Nashville was the codename for a cancelled release of Microsoft Windows scheduled to be released in 1996, between "Chicago" (Windows 95) and "Memphis" (Windows 98, at the time scheduled for release in 1997), causing it to be referred to as Windows 96 by the public. The release intended to focus on a tighter integration between Windows and Internet Explorer, in order to better compete with Netscape Navigator.
Microsoft claimed that Nashville would add Internet integration features to the Windows 95 and NT 4.0 desktop, building on the new features in the Internet Explorer 3.0 web browser (due for release a few months before Nashville). Touted features included a combined file manager and web browser, the ability to seamlessly open Microsoft Office documents from within Internet Explorer using ActiveX technology and a way to place dynamic webpages directly on the desktop in place of the regular static computer wallpaper.
A leaked build had version number 4.10.999 (compare to Windows 95's 4.00.950, Windows 95 OSR2's 4.00.1111, and Windows 98's 4.10.1998). The project was eventually cancelled as a full release of Windows, Windows 95 OSR2 ("Detroit") being shipped as an interim release instead. The codename "Nashville" was reused for the Windows Desktop Update that shipped with Internet Explorer 4.0 and delivered most of the features promised for Nashville.

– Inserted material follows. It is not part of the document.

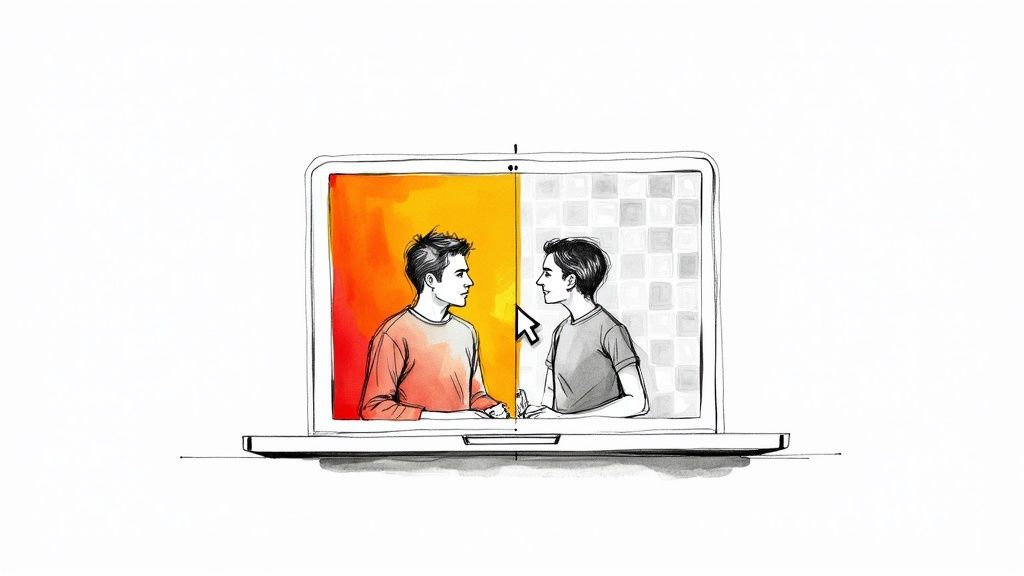 Image for blog post 'Remove Background from Video Online Instantly' related to remove%20background%20from%20video%20online. Explore how to remove video background.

The Athena PIM application would be released as Microsoft Internet Mail and News, later renamed to Outlook Express.
"Cleveland" was an earlier codename for "Nashville". Chicago is the largest city in Illinois, Memphis is the largest city in Tennessee. Nashville and Cleveland are both cities in Tennessee, as well as villages in Illinois. Cleveland is also the most populous city of Ohio. Detroit is the largest city of Michigan, as well as a village in Illinois.